Source material START
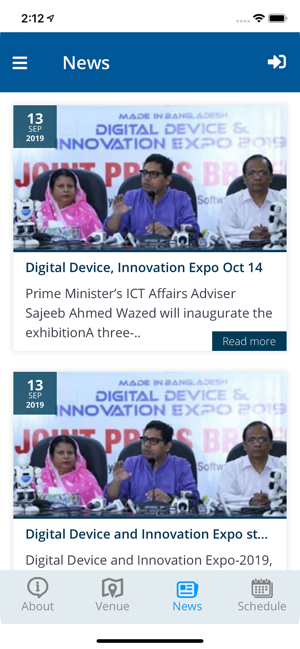 Digital Device & Innovation(圖8)-速報App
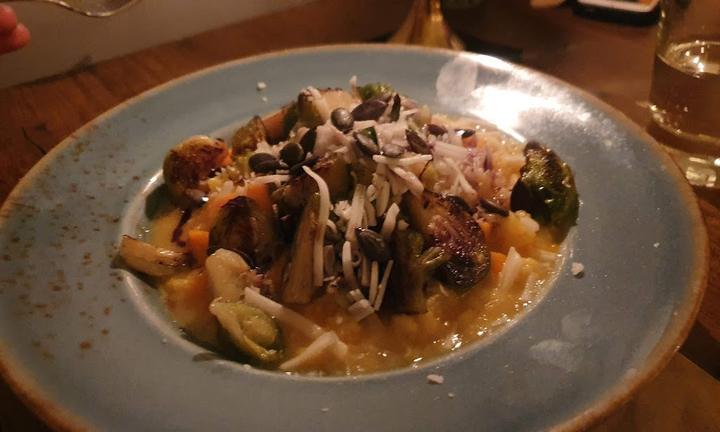 Foersters - das vegane Restaurant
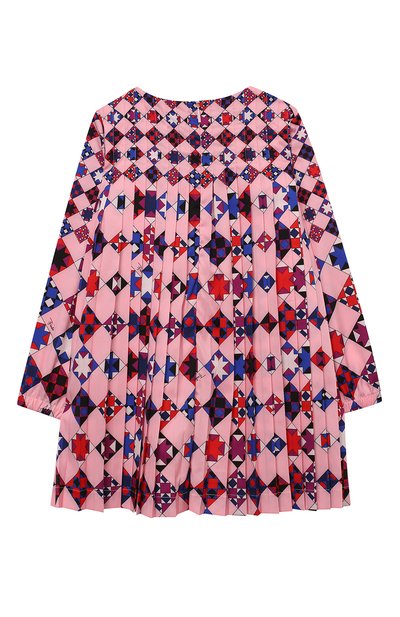 Платье EMILIO PUCCI, арт. 9N1210/ND780/5-8, фото 2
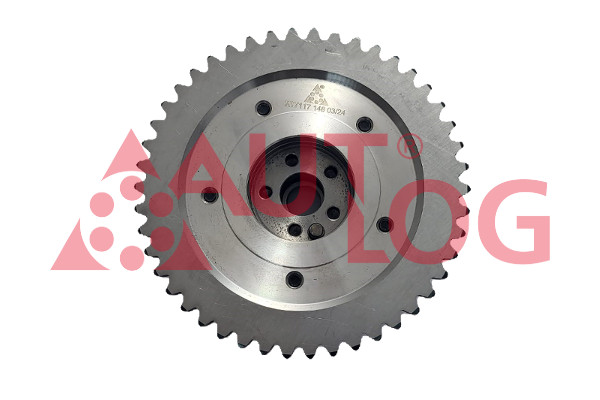 Autlog Nokkenasregelaar KT7117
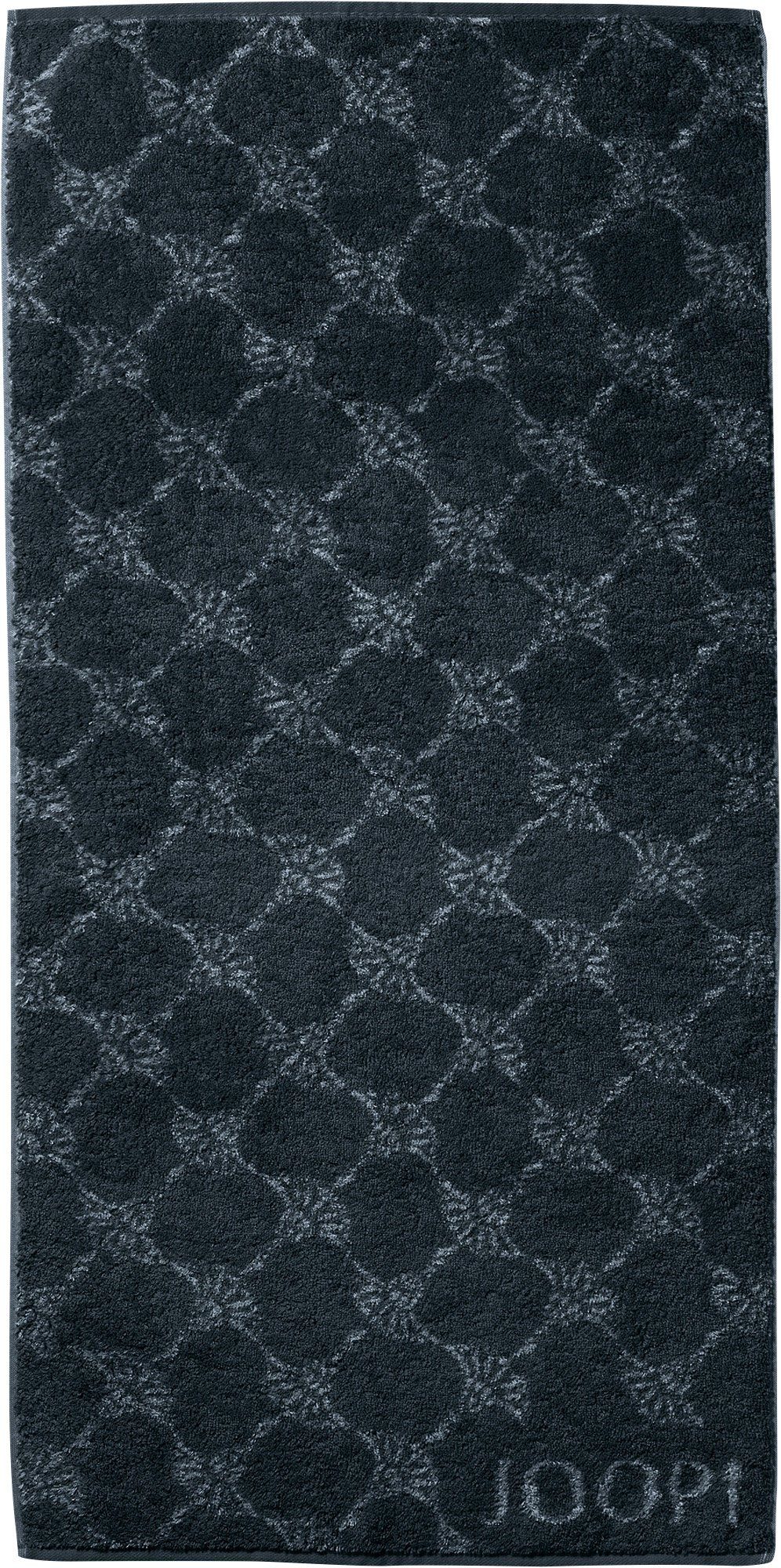 JOOP! Handtuch Handtuch "Classic Cornflower", Frottier günstig online kaufen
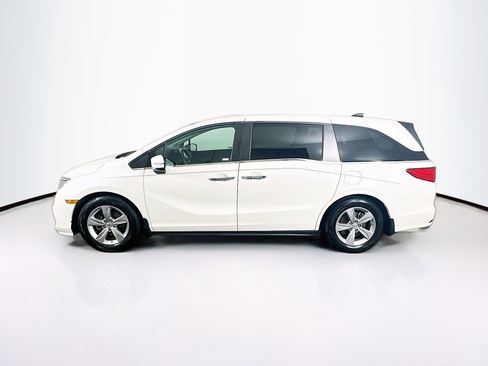 Used 2018 Honda Odyssey EX-L image 4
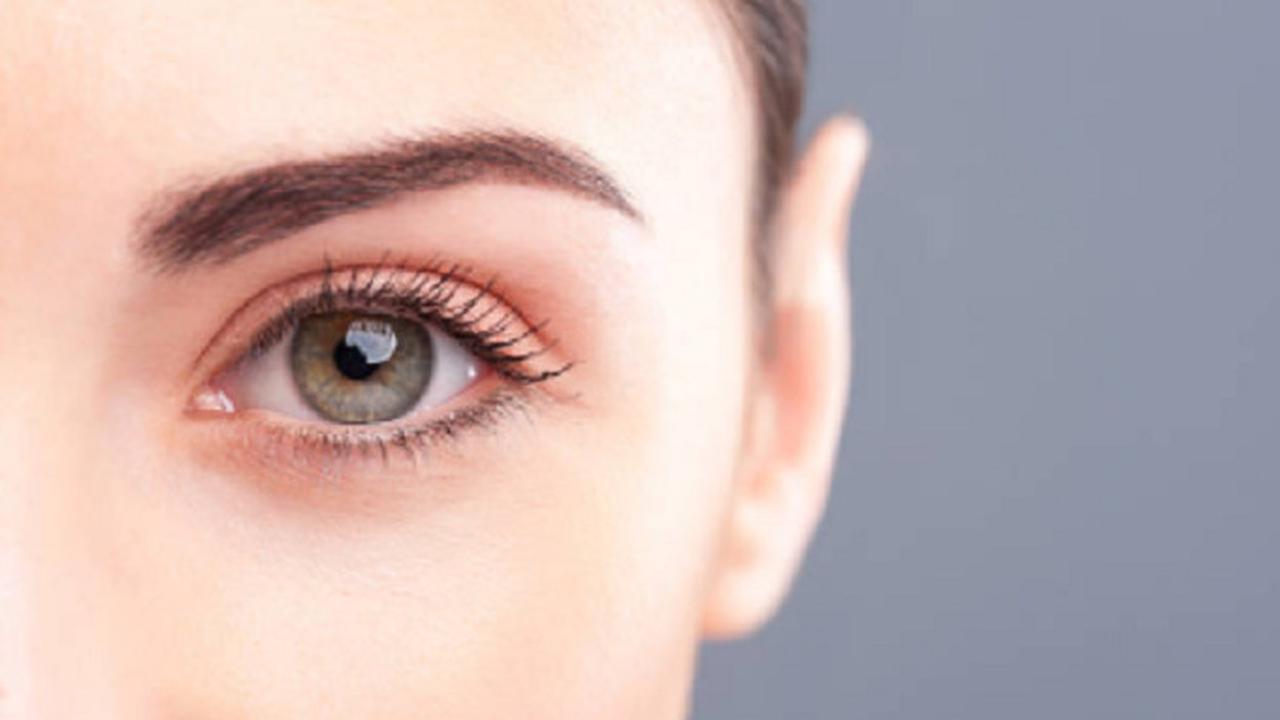 Fungsi Retina pada Mata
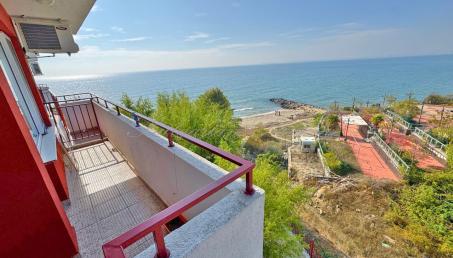 квартира на побережье болгарии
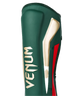 Venum Scheenbeschermers ELITE Groen
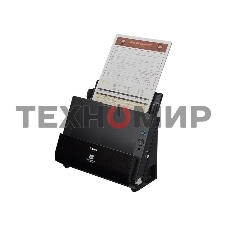 Сканер Canon image Formula DR-C225 II (3258C003) A4 черный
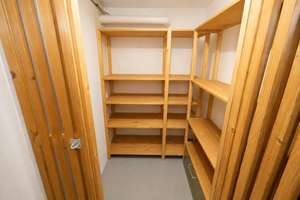 Charmante 1-Zimmer-Erdgeschosswohnung mit eigenem Gartenanteil nahe Uni & Zoo – Stellplatz inklusive – Die vollständige Adresse der Immobilie erhältst du vom Anbieter., 47057 Neudorf-Nord, Duisburg – Vorschaubild 24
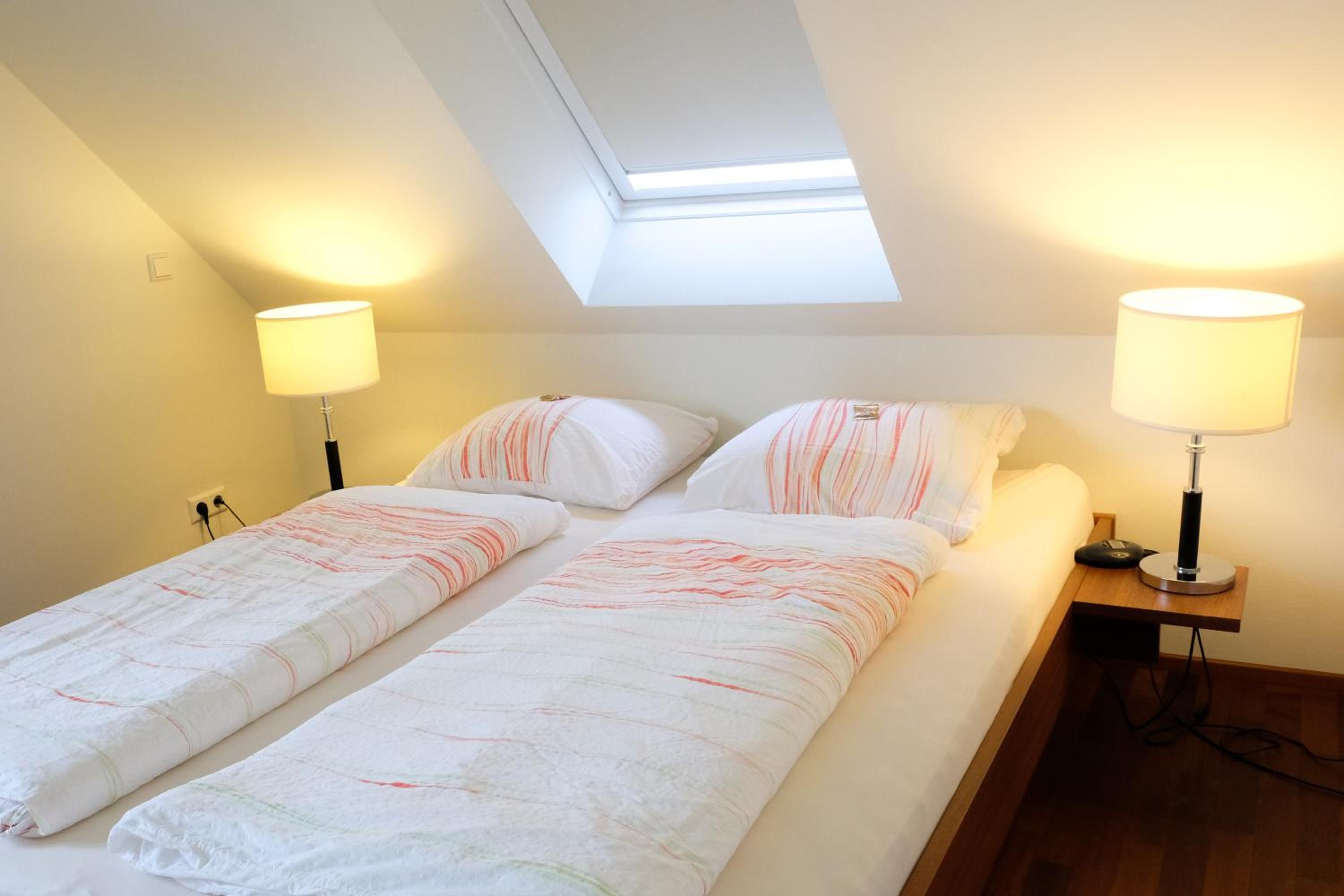 Jungingers Aparthotel - Property Image 14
Source material END
• _Task directions_
Skipping all pictures, set the listing down exactly as written.

• _Response to the exercise_
 Digital Device & Innovation(圖8)-速報App
 Foersters - das vegane Restaurant
 Платье EMILIO PUCCI, арт. 9N1210/ND780/5-8, фото 2
 Autlog Nokkenasregelaar KT7117
 JOOP! Handtuch Handtuch "Classic Cornflower", Frottier günstig online kaufen
 Used 2018 Honda Odyssey EX-L image 4
 Fungsi Retina pada Mata
 квартира на побережье болгарии
 Venum Scheenbeschermers ELITE Groen
 Сканер Canon image Formula DR-C225 II (3258C003) A4 черный
 Charmante 1-Zimmer-Erdgeschosswohnung mit eigenem Gartenanteil nahe Uni & Zoo – Stellplatz inklusive – Die vollständige Adresse der Immobilie erhältst du vom Anbieter., 47057 Neudorf-Nord, Duisburg – Vorschaubild 24
 Jungingers Aparthotel - Property Image 14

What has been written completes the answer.